And so the story continues. After much difficulty installing / setting up my new
hard drive, I decided to make matters worse by cloning my old Windows XP
partition to one of the partitions on the new drive. After a small amount of
research, I came across ntfsclone
part of the
ntfsprogs package. As quick as you can say
“apt-get install” I had it installed and was toying around with it. My biggest
concern was that I was coping a 400GB drive to a 500GB drive. I was able to
clone my drive and boot it up successfully, albeit it was only reporting 400GB.
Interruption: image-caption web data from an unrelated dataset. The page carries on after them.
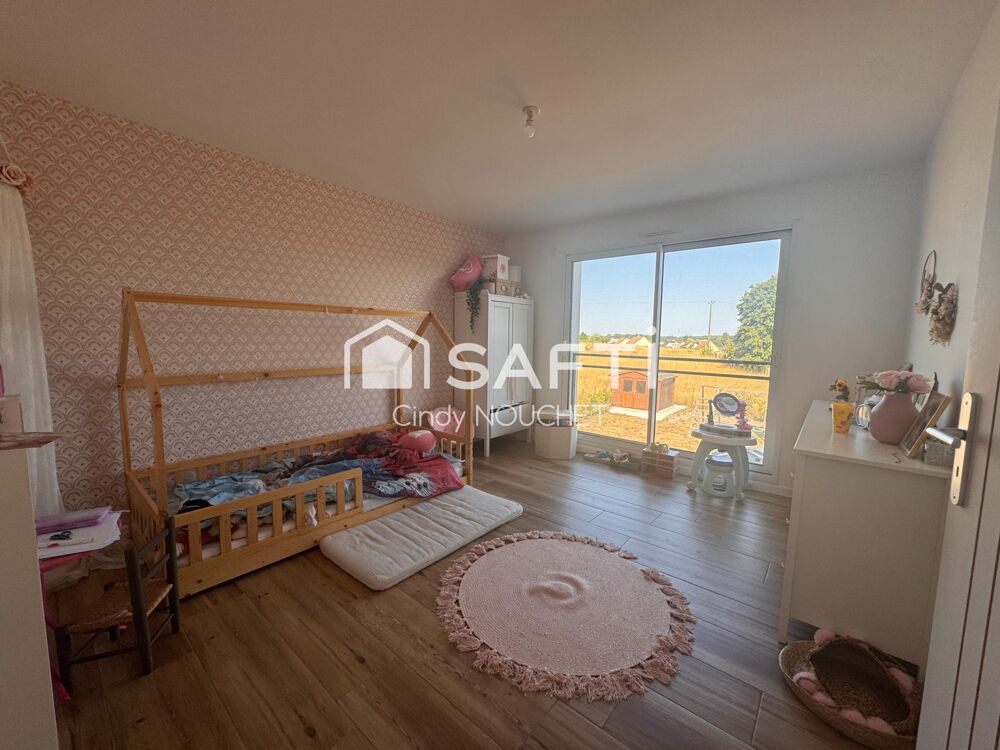 Maison moderne, spacieuse et lumineuse avec un terrain de 1002m2.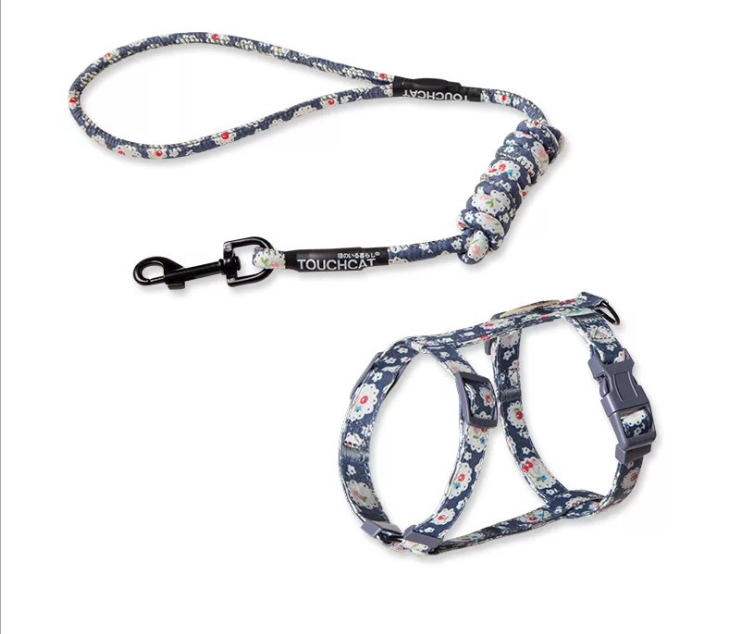 Kitty's harnest and leash set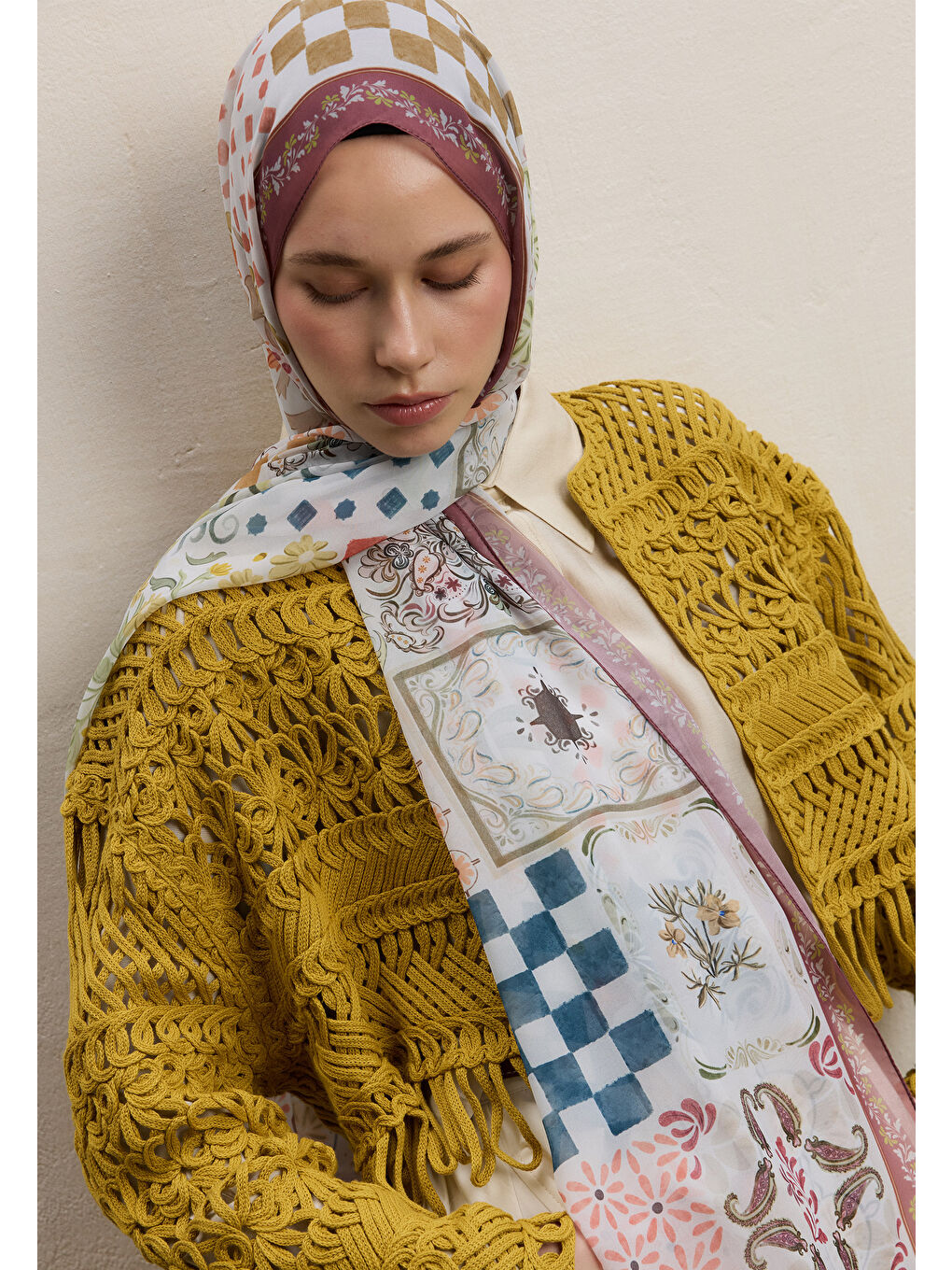 Pembe Bella Desen İpek Krep Şal Gülkurusu-2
Wait a second, where did my Vista bootloader go? Shit, lost it again. Before I
addressed that issue, I went ahead and resolved my 400GB drive issue. Luckily,
there was another application named ntfsresize
that fixed me right up.
Okay, so now I’m at the point where I have successfully cloned my XP drive, but
Vista was lost because of the missing bootloader. I went through the motions of
running the restore bootloader from the installation disc… 5 times. Yes, 5
times, because after Googling around a bit, I found that the restore doesn’t
work all of the time, in fact it’s very common for it to take multiple attempts
before it works. “WOW”, is all I can say about that. Now the repair did finally
work, only now I could only boot into Vista, and no option for XP. Fed up, I
went searching for an application to fix the glitch. Said application was Vista
Boot Pro, which was well worth the $9.95 to fix
my situation. The program worked first time and allowed me to add Vista and XP
to the bootloader with the labels that I wanted. I’ve yet to find an open source
alternative so that may end up being a project of mine in the near future.